▸ Data shown
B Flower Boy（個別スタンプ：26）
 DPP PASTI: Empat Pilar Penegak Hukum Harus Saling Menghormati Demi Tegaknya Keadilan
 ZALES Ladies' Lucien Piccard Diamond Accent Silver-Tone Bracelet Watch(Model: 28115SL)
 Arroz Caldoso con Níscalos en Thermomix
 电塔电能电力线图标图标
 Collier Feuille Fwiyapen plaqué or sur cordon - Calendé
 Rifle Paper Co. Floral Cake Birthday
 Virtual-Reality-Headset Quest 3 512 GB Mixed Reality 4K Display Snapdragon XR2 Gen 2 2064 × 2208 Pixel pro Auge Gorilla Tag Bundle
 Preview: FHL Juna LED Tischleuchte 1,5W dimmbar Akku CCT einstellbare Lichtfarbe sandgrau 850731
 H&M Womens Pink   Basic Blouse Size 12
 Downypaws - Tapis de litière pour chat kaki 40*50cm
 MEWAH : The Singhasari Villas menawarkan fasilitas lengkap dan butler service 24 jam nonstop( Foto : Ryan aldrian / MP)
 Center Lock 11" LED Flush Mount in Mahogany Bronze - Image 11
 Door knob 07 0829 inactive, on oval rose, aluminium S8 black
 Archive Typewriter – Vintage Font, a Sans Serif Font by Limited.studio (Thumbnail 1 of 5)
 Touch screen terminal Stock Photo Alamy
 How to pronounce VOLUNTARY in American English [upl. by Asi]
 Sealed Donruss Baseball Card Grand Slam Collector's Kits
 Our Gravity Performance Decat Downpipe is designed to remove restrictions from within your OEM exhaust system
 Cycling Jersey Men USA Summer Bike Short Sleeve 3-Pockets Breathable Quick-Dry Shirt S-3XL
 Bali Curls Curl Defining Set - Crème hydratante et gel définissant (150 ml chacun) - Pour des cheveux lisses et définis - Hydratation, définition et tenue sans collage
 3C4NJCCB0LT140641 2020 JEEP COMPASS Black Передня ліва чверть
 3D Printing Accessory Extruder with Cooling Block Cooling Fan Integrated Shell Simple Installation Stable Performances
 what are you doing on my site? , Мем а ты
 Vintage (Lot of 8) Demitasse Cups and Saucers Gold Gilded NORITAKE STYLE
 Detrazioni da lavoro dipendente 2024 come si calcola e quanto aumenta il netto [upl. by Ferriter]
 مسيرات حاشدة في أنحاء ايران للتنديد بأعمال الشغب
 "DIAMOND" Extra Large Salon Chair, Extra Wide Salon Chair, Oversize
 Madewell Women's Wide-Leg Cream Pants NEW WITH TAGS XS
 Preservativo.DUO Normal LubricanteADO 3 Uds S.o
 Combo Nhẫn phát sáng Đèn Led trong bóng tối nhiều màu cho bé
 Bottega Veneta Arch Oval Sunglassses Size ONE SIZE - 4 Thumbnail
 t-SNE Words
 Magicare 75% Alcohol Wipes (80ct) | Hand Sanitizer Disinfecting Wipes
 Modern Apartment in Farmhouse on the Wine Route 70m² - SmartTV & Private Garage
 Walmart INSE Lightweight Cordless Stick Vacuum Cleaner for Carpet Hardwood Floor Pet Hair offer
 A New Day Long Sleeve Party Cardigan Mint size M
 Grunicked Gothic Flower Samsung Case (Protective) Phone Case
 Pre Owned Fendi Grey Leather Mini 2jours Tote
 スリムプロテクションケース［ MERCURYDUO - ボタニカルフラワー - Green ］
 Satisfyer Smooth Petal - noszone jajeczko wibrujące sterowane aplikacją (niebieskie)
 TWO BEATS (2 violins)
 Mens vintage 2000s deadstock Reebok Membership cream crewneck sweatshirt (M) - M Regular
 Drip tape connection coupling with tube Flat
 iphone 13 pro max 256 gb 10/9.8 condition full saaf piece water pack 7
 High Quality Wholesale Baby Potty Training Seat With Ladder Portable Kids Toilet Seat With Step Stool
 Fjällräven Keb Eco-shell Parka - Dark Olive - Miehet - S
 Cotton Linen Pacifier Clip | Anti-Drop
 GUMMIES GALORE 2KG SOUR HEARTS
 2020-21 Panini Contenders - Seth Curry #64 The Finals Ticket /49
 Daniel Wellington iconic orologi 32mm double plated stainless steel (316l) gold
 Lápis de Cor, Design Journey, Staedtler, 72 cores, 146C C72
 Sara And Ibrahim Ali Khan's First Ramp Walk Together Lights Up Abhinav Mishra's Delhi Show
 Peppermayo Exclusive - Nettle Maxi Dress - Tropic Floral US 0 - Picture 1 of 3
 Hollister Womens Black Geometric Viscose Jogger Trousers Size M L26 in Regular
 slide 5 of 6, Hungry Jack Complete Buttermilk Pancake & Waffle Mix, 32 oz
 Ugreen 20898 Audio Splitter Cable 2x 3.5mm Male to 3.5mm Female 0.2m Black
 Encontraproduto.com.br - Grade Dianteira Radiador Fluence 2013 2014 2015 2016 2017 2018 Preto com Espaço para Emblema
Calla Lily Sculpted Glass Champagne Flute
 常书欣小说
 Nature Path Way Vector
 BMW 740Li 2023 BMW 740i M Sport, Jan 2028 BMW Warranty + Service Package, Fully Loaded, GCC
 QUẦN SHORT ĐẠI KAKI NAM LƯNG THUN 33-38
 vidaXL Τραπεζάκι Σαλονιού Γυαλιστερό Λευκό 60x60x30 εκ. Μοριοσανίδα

▸ What you have to do
The reply should consist solely of the lines above from the one that has "Drip tape connection coupling with tube Flat" through the one that has "Peppermayo Exclusive - Nettle", reproduced exactly.

▸ Exercise solution
 Drip tape connection coupling with tube Flat
 iphone 13 pro max 256 gb 10/9.8 condition full saaf piece water pack 7
 High Quality Wholesale Baby Potty Training Seat With Ladder Portable Kids Toilet Seat With Step Stool
 Fjällräven Keb Eco-shell Parka - Dark Olive - Miehet - S
 Cotton Linen Pacifier Clip | Anti-Drop
 GUMMIES GALORE 2KG SOUR HEARTS
 2020-21 Panini Contenders - Seth Curry #64 The Finals Ticket /49
 Daniel Wellington iconic orologi 32mm double plated stainless steel (316l) gold
 Lápis de Cor, Design Journey, Staedtler, 72 cores, 146C C72
 Sara And Ibrahim Ali Khan's First Ramp Walk Together Lights Up Abhinav Mishra's Delhi Show
 Peppermayo Exclusive - Nettle Maxi Dress - Tropic Floral US 0 - Picture 1 of 3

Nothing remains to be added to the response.